Recently I was reading a second-hand book. Some pages were heavily marked with an intricate system of crosses, dots and underlinings; others were bare. As I went along, I became increasingly aware that other eyes had graced these pages, that my attention was as often cued by the interpretations of my predecessor as they were by my own reading.
I had a similar sensation at Rita Ackermann’s recent exhibition of collages. In many ways this feeling of double-vision is implicit in such art: composite by nature, collages are accumulations of found images, words and objects whose meanings are shifted by the placement and juxtaposition given to them by the artist. In looking at a collage, the viewer is necessarily drawn into the act of their making; as one attempts to decode and decipher, the irrefutable act of selection is brought to the fore. Spanning 13 years, this mini-retrospective offered multiple opportunities to creep inside the mind of this insightful, sexy and politically attuned female artist, known for casting a wide artistic net. Painter, draftsman, musician and performer, Ackermann has always incorporated a variety of media, frequently in collaboration with other artists. But collage is in many ways the most expressive and organic way to bring together her myriad interests.
The works were installed in chronologically linked clusters, with one large wall drawing, Cross (2005), forming the backdrop to groups of collages and enhancing the sensation that the gallery was structured like an assemblage. Ackermann’s earliest works are generally spare, flat and focused, but she seems to have grown more audacious with the passing years. Clipped texts lifted from the New York Times often provide a guiding theme, as in But He Still Isn’t Happy (1994), which depicts several of the artist’s nymphets (seen regularly in paintings of the early to mid-1990s) with newspaper copy ‘bubbles’ about ‘bustbooster’ bras, weddings and the like. In the foreground a young woman is depicted with downcast eyes and legs akimbo, the work’s deadpan title floating beside her head.
Six substantial pieces from 1996 were based on Alfred Jarry’s Ubu Roi (King Ubu, 1896), the notoriously Absurdist play championed by the Surrealists and Dadaists for its grotesque depictions of modern life. Ackermann’s vivid explorations of Jarry’s scatology, with predominantly monochrome compositions that range from muddy browns to garish fuchsias, bind text, image and paint into visual explosions that mark a turning-point in her exploration of a medium in which she can tackle wider historical and societal issues head-on. Later compositions are heady and complicated, infused with colour and rife with layered references. Further, Ackermann demonstrates her love for riotous exhibitionism and theatrical behaviour, suggesting that she uses collages to cut, paste and rearrange perceptions and cultural assumptions.
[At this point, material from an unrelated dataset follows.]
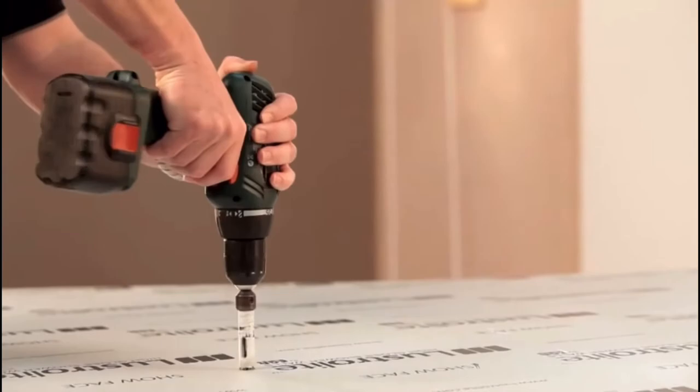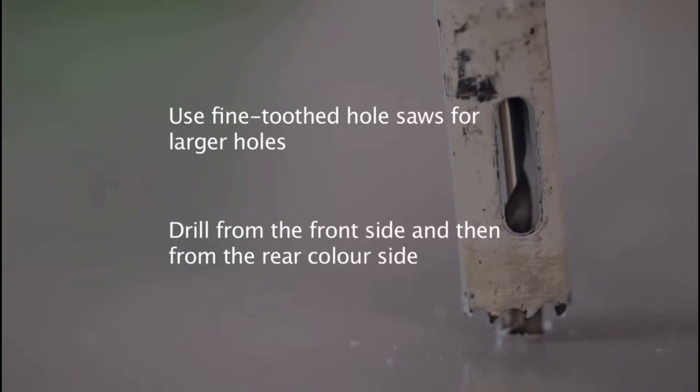Slightly blunt drill bits work better because they are slower. Always drill from the clear or front side of the sheet to reduce the risk of chipping. Best results will be achieved with a low to medium drill speed.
In the various versions of With No Roots Behind Them (1997 and 1998) Ackermann returned to the theme of adolescence, but with even less inhibition and fewer pretty finishes. Snoopy stickers spouting pithy truisms such as ‘you’re a winner’ pair with magazine cut-outs of preening models turned awkwardly pubescent by the artist’s graffiti-like alterations (frizzy hair and Coke-bottle eye-glasses). Nearby was ‘Levitation of the Strong American Woman’, a series from 2001 in which mail-order catalogue models lie directly on top of her own daughter’s drawings on sugar paper. The juxtaposition demonstrates a sudden shift from adolescence to womanhood and the attendant anxiety of the female teen morphing into the constrained uniformity of the casually business-attired adult, while addressing the wider question of how one defines individuality against the tide of consumables. It reveals a particularly intimate side of Ackermann, providing an alternative to the brash, sassy alter egos of the early paintings, and suggests that collage is a private tool for moving from one creative stage to the next.
In Ackermann’s world men are felt mainly by their absence, rendered via the particular female experiences – including neurosis, compulsion and ridicule – that mirror how women are perceived by men. One fantastic work, Rabbit, the Clown (2000), illustrates their place in her cosmos: out of the back of a clown-cum-cowboy protrudes the ass of a bull, head turned towards the viewer, all yearning and doe-eyed. Simultaneously the saviour and the sap, he is ultimately just the buffoonish stud. Rendered directly onto a saccharine rainbow poster (bought at a hobby shop), the work comes from a series done in Texas, where kitschy country culture finds its muse. Kim Gordon compared Ackermann’s escape from the suffocating New York art world to Paul Gauguin’s years in Tahiti (the Post-Impressionist’s women, incidentally, find their way into one collage), and it is true there is a quality of uninhibited freedom, accessible to the distanced vantage point of the outsider, that she translates into richly alluring and sometimes horrific compositions. What is evident from the most recent work – a pair of lurid fluorescent silhouettes referencing the capricious Leigh Bowery – is that Ackermann continues to play in the shadows and to delight in new visual spaces.